Taki dżem można zjeść od razu, na ciepło lub zimno, na toście, jako farsz do naleśników, albo zamknąć w słoiczku "na zaś" ;) W lodówce wytrzyma bez problemu kilka dni.

A w chłodny, jesienny dzień kubek herbaty, miseczka dżemu, ulubiony fotel i kocyk... Toż to niebo Panie i Panowie :)

Drzewo kaki 
źródło: fermedesaintemarthe.com

Jak zrobić dżem z persymon (kaki) i jabłek?

Składniki:
6 dużych jabłek (kruche, kwaskowe)
4 bardzo dojrzałe persymony (kaki)
sok z połowy cytryny
skórka z cytryny
szczypta soli
ok. 1/4 szklanki wody

opcjonalnie: łyżeczka cynamonu, kilka gożdzików, 2-3 ziarenka pieprzu, kardamon itp.
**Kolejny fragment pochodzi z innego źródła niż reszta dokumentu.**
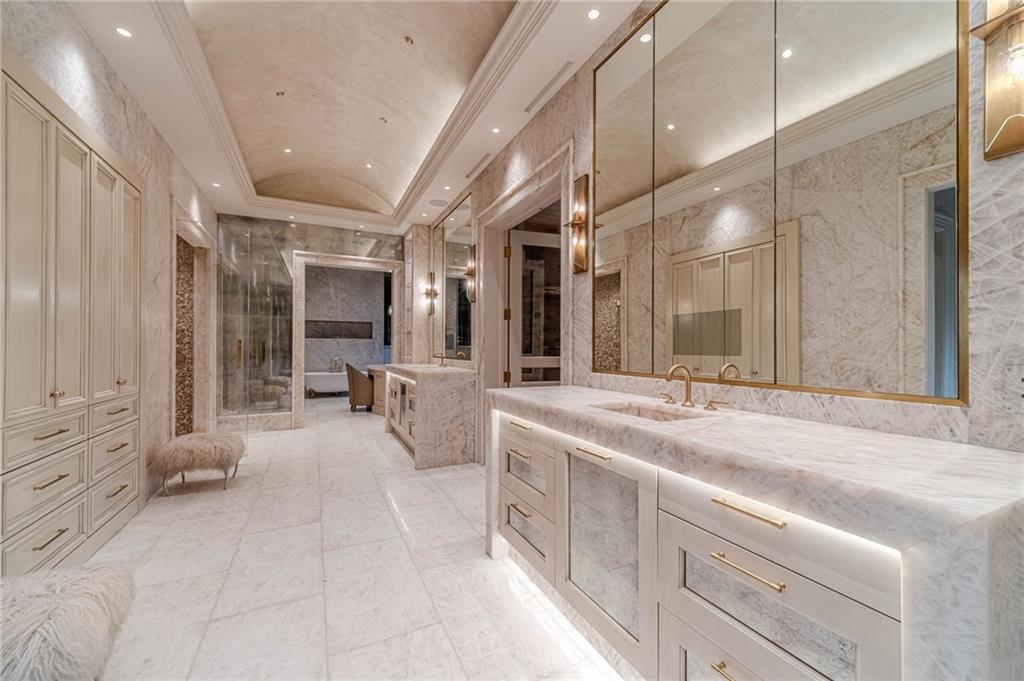 Marble bathroom with a long double vanity, gold fixtures, mirrored cabinets, and a glass-enclosed shower.
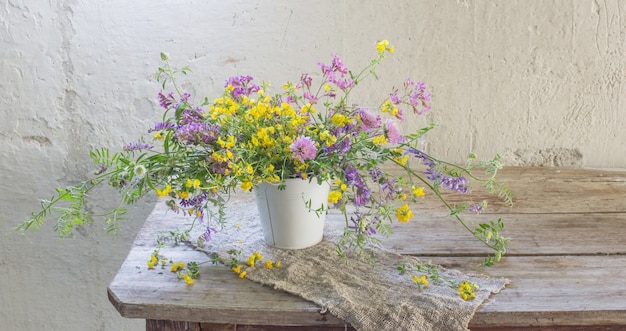 Fleurs sauvages d'été sur la vieille table en bois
Jabłka obrać, pokroić na ćwiartki, wyciąć gniazda nasienne i pokroić w cienkie plasterki. Przełożyć do garnka/rondla z grubym dnem.
Persymony również obrać ze skórki (jeśli będą bardzo dojrzałe i miękkie, będzie je można obrać, zdejmując skórki jak z ugotowanych ziemniaków). Warto to zrobić nad garnkiem, w którym będziemy dusić owoce, żeby nie stracić soku, którego dużo wypływa podczas obierania i krojenia.
Pokroić w dowolny sposób (dojrzałe i soczyste w zasadzie same się rozpadają).
Dodać wodę, skórkę i sok z cytryny, wymieszać i podgrzewać na dużym "gazie" mieszając od czasu do czasu.
Po zagotowaniu zmniejszyć płomień do minimum (można postawić garnek na metalowej płytce, jeśli taką macie) i gotować do pożądanej konsystencji, często mieszając.
Ja lubię, kiedy w moim dżemie są kawałki owoców, więc nie gotuję go za długo - tylko tyle, żeby owoce zmiękły i połączyły się ze sobą.
Można też dżem częściowo (lub całkowicie) zmiksować.
Wspaniale smakuje zarówno na ciepło jaki i na zimno.